→ **Raw data**:
◇ ◇ ◇ ◇ ◇

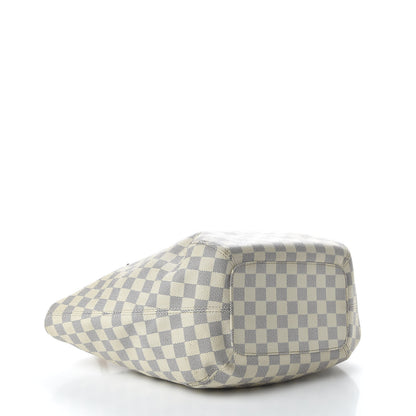 Louis Vuitton Damier Azur Salina PM 4 of 9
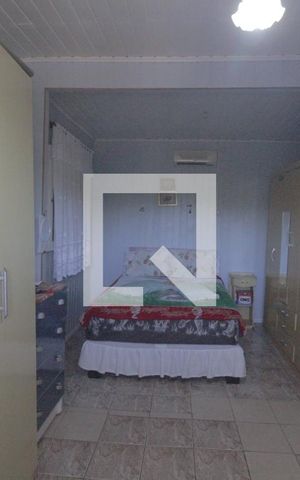 Casa à venda com 88m², 1 quarto e 3 vagasQuarto 1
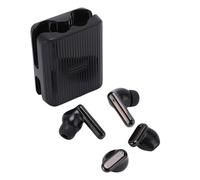 Matybobe Écouteurs sans Fil à Commande Tactile, pour Le Sport et Les Affaires, Transfert de 10M (Noire)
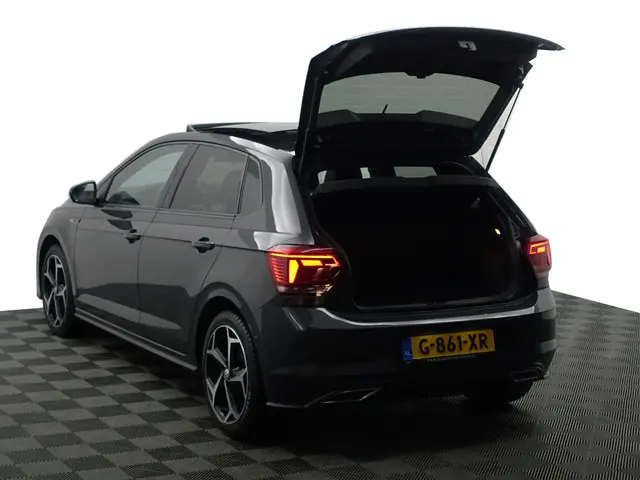 Volkswagen Polo 1.0 TSI R Line+ 2020 Benzine 30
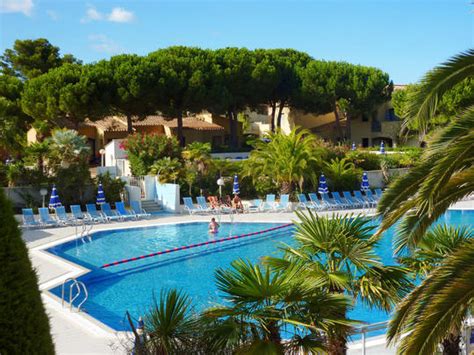 cap d'agde naturist village|Staying at the Naturist Village .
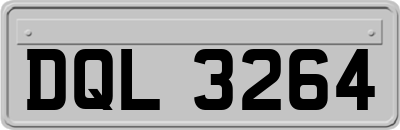 DQL3264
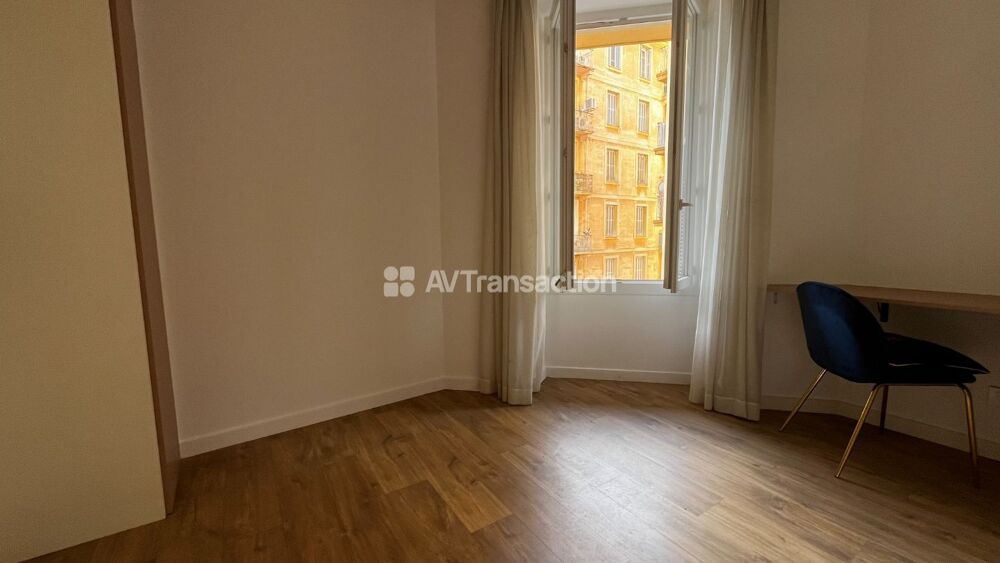 Vente Appartement Ajaccio Hypercentre T1 bis rénové avec chambre indépendante. Ajaccio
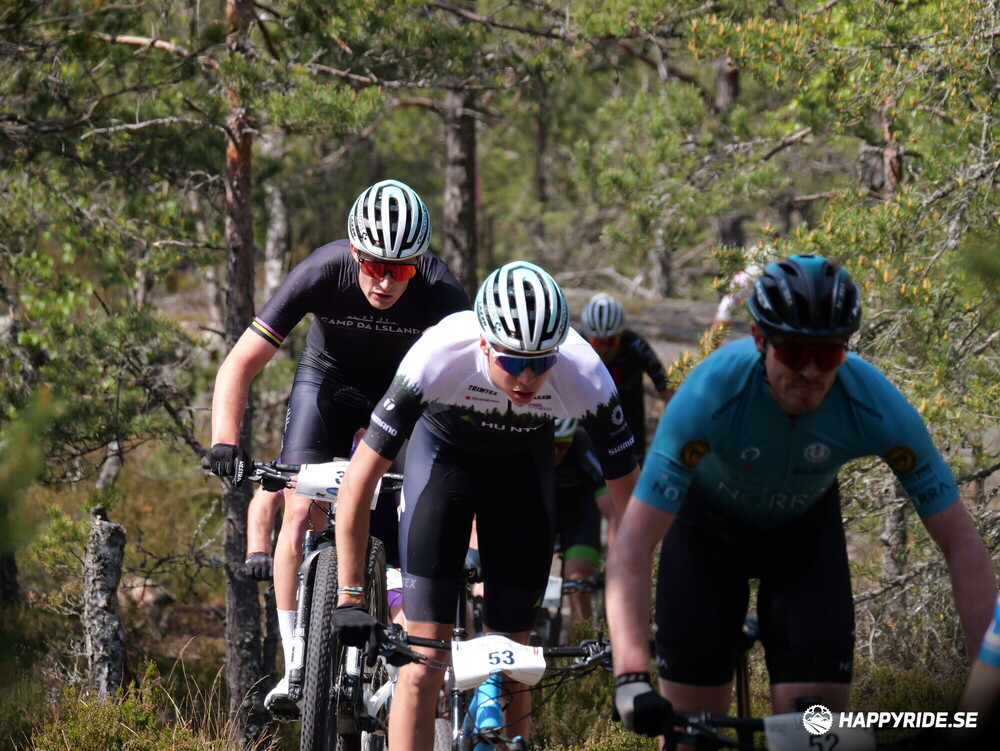 Bild från Lida Loop 2025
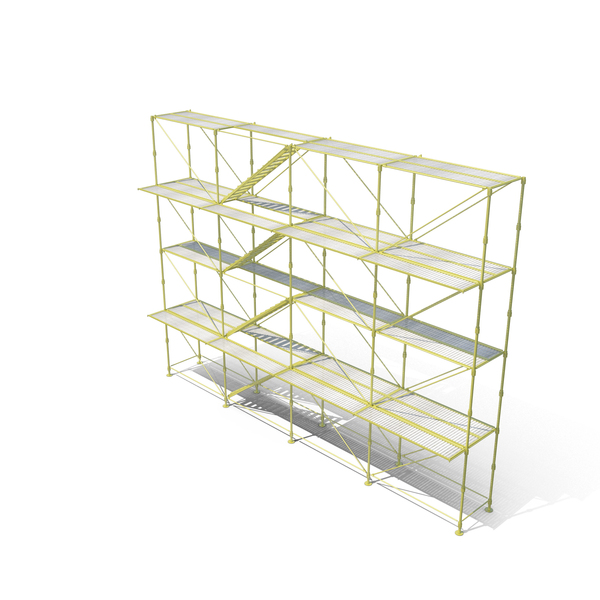 Scaffolding PNG & PSD Images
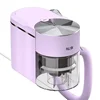 2025 new 2 in1 DAICHONG Nail Dust Collector Desktop Cleaner For Nails Dust Professional Machine Vacuum Cleaner 1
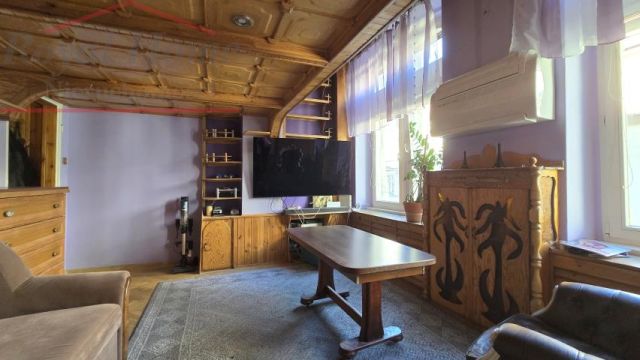 Mieszkanie 1-pokojowe Wrocław Stare Miasto, Most św. Antoniego. Zdjęcie 5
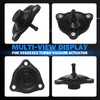 55565353 Turbo Vacuum Actuator for Buick Encore Chevy Cruze Sonic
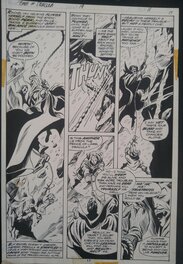 Tomb of Dracula #19.  p.17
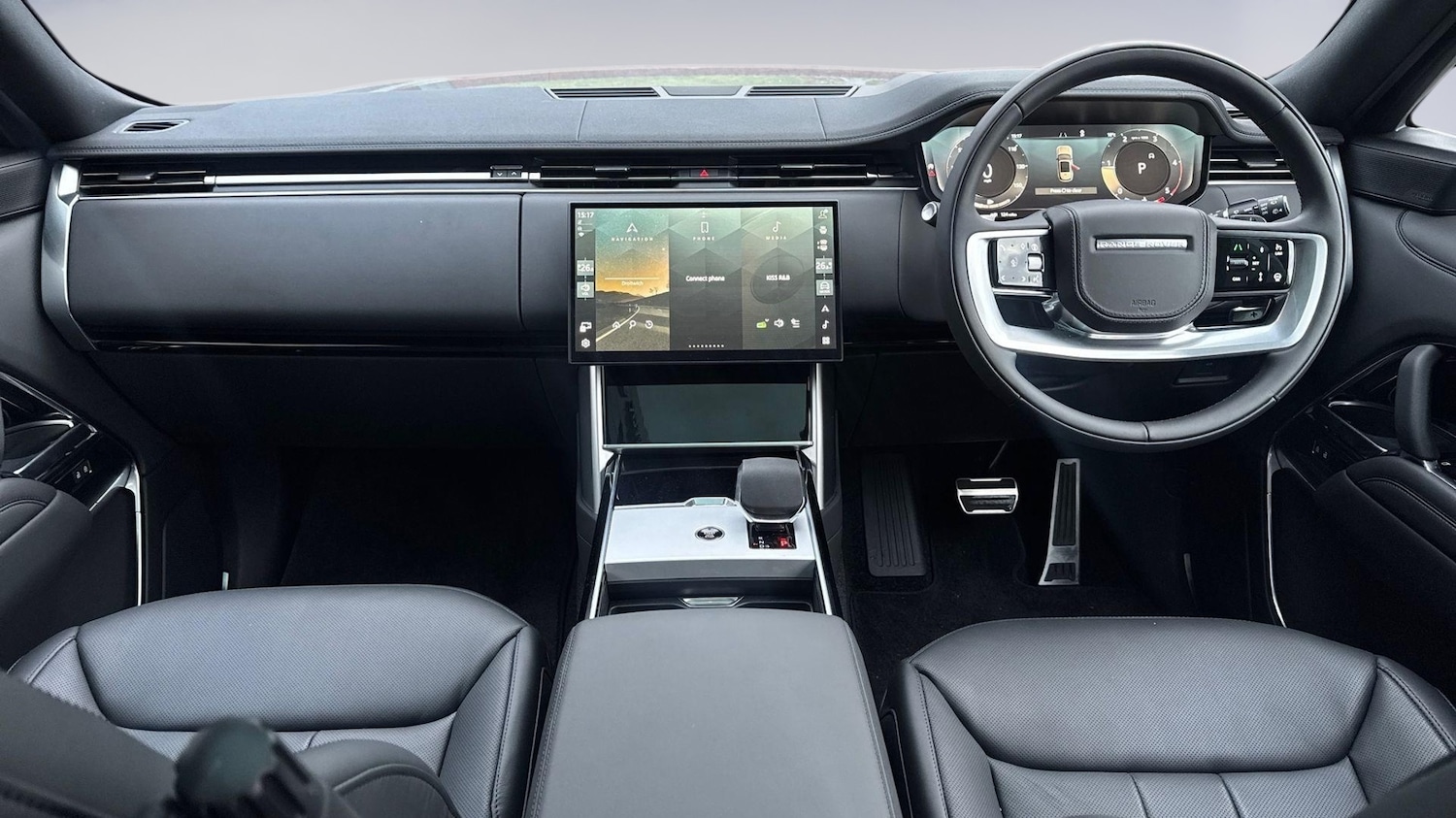 Used Land Rover Range Rover 2025 for sale - 77176622: Photo 9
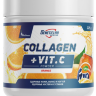 Geneticlab Collagen Plus 225 gr
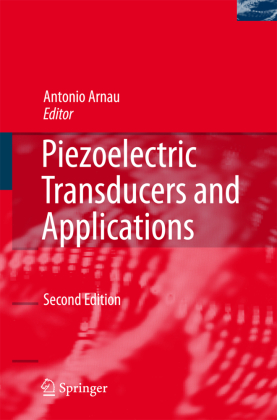 Piezoelectric Transducers and Applications 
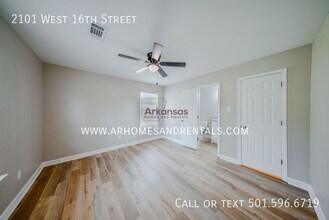 2101 W 16th St in North Little Rock, AR - Building Photo - Building Photo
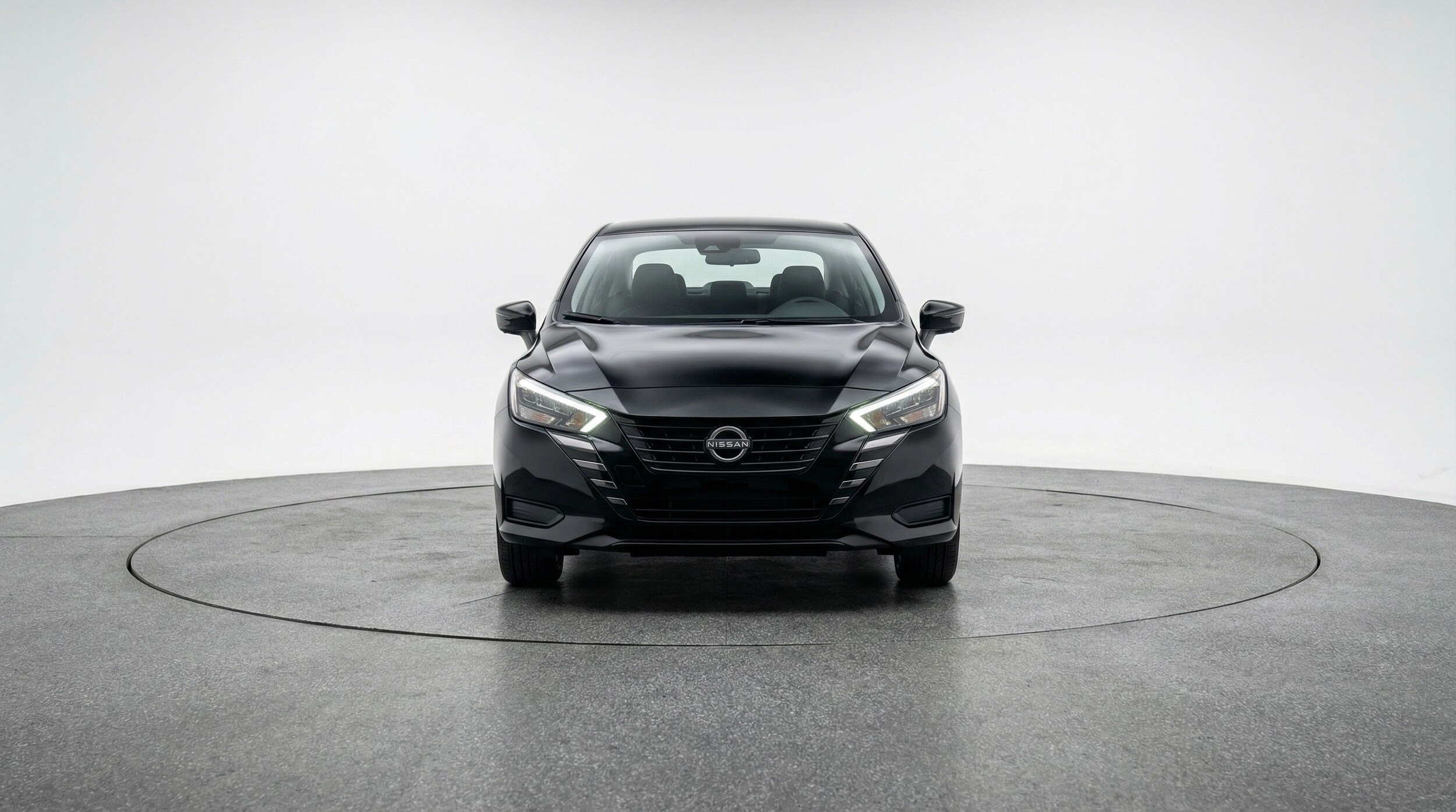 Thumbnail: 2025 Nissan Versa - 2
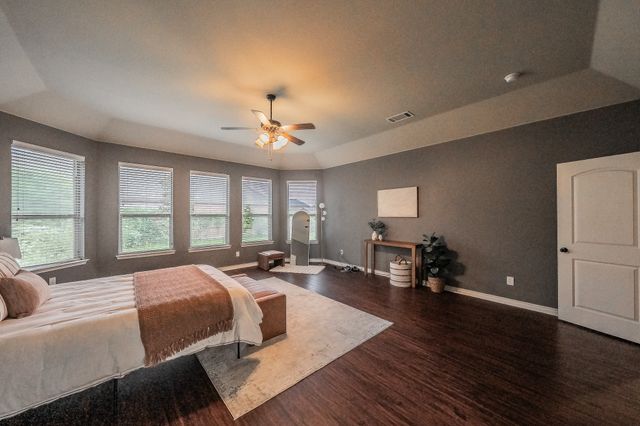 1223 Lantana Lane, Burleson, TX 76028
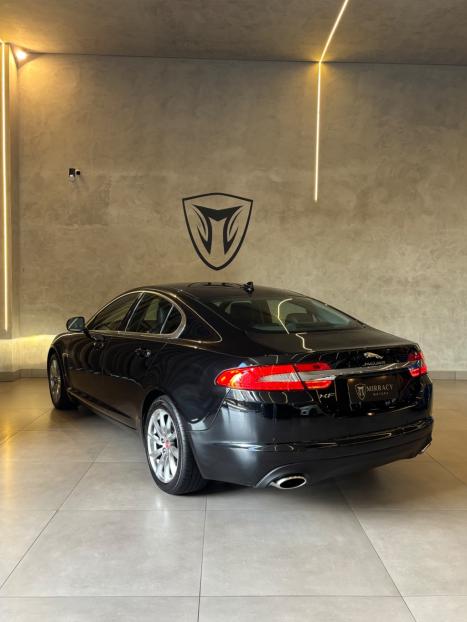 JAGUAR XF 2.0 4P PREMIUM LUXURY AUTOM�TICO, Foto 10
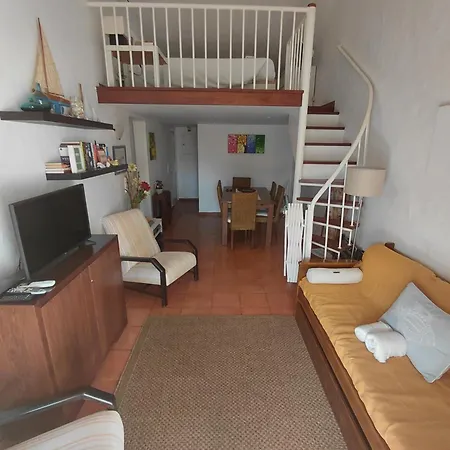 Casa Linda Da Do Alfamar * Αλμπουφέιρα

◇ ◇ ◇ ◇ ◇

→ **Task item**:
Exactly as written, reproduce all of the entries while dropping the pictures.

→ **Task answer**:
 Louis Vuitton Damier Azur Salina PM 4 of 9
 Casa à venda com 88m², 1 quarto e 3 vagasQuarto 1
 Matybobe Écouteurs sans Fil à Commande Tactile, pour Le Sport et Les Affaires, Transfert de 10M (Noire)
 Volkswagen Polo 1.0 TSI R Line+ 2020 Benzine 30
 cap d'agde naturist village|Staying at the Naturist Village .
 DQL3264
 Vente Appartement Ajaccio Hypercentre T1 bis rénové avec chambre indépendante. Ajaccio
 Bild från Lida Loop 2025
 Scaffolding PNG & PSD Images
 2025 new 2 in1 DAICHONG Nail Dust Collector Desktop Cleaner For Nails Dust Professional Machine Vacuum Cleaner 1
 Mieszkanie 1-pokojowe Wrocław Stare Miasto, Most św. Antoniego. Zdjęcie 5
 55565353 Turbo Vacuum Actuator for Buick Encore Chevy Cruze Sonic
 Tomb of Dracula #19.  p.17
 Used Land Rover Range Rover 2025 for sale - 77176622: Photo 9
 Geneticlab Collagen Plus 225 gr
 Piezoelectric Transducers and Applications 
 2101 W 16th St in North Little Rock, AR - Building Photo - Building Photo
 Thumbnail: 2025 Nissan Versa - 2
 1223 Lantana Lane, Burleson, TX 76028
 JAGUAR XF 2.0 4P PREMIUM LUXURY AUTOM�TICO, Foto 10
 Casa Linda Da Do Alfamar * Αλμπουφέιρα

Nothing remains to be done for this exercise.